| WHAT IS EXPECTED |
Repeat nothing but the line that contains "Дизайнерский журнальный стол" and the lines after it, through the end of the listing, exactly as they stand; omit pictures.

| RECORDED DATA |
---*---
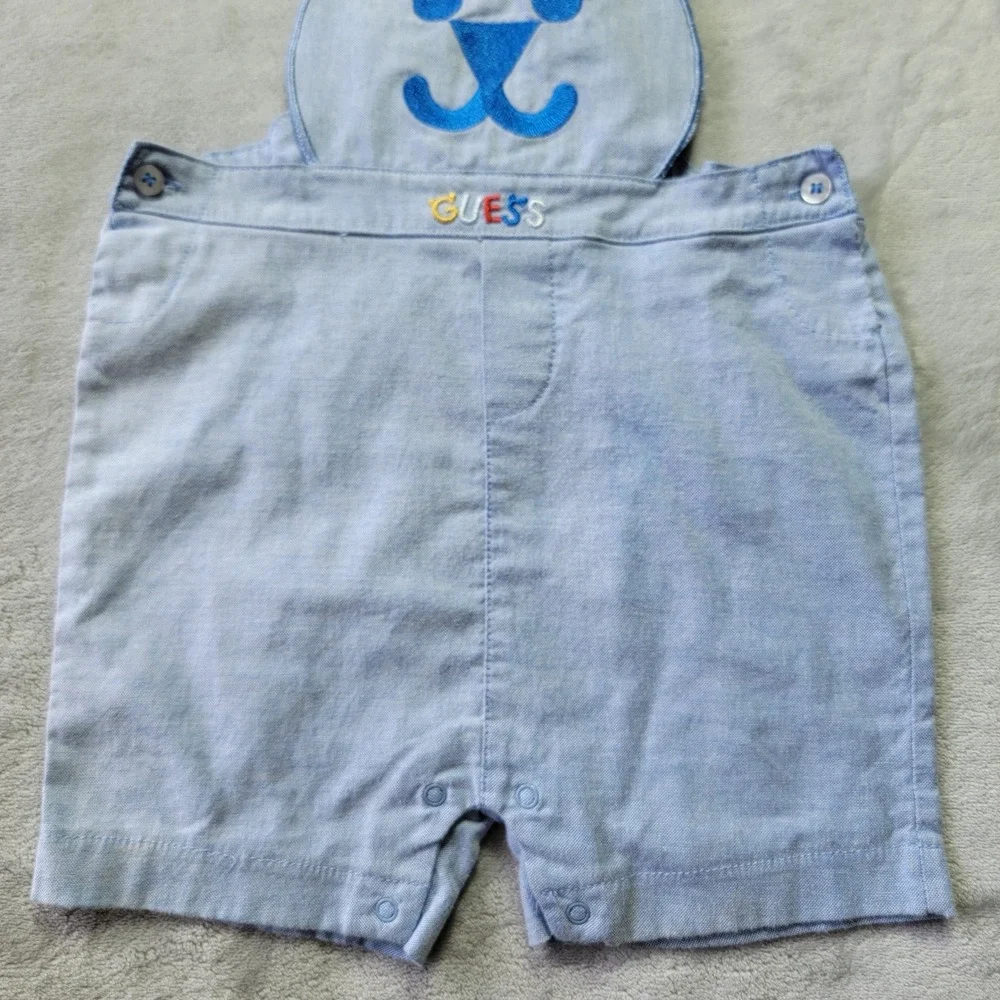 Guess‎ Baby Boy 12M Blue Bear Embroidered Shortall Overalls Chambray Adjustable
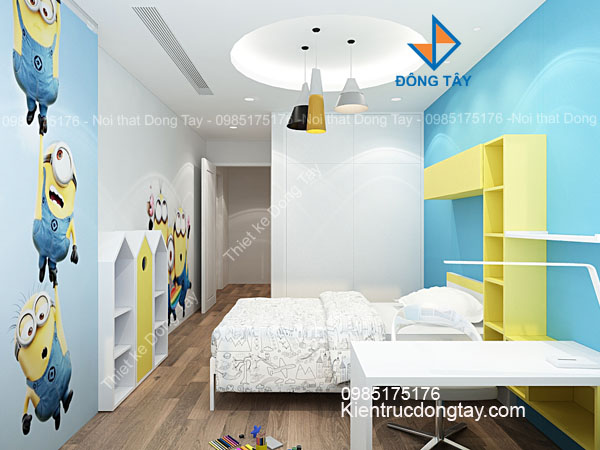 Thiết kế nội thất phòng ngủ con trai căn hộ chung cư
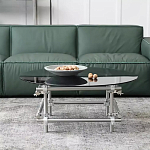 Дизайнерский журнальный стол с круглой столешницей на стальном основании Rivetyk варинант исполнения - 1 | Loft Concept в Тюмени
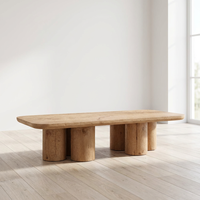 Table basse rectangulaire en bois massif de style moderne et luxueux, faite à la main, durable, design Wabi-Sabi pour salon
---*---
| YOUR RESPONSE |
 Дизайнерский журнальный стол с круглой столешницей на стальном основании Rivetyk варинант исполнения - 1 | Loft Concept в Тюмени
 Table basse rectangulaire en bois massif de style moderne et luxueux, faite à la main, durable, design Wabi-Sabi pour salon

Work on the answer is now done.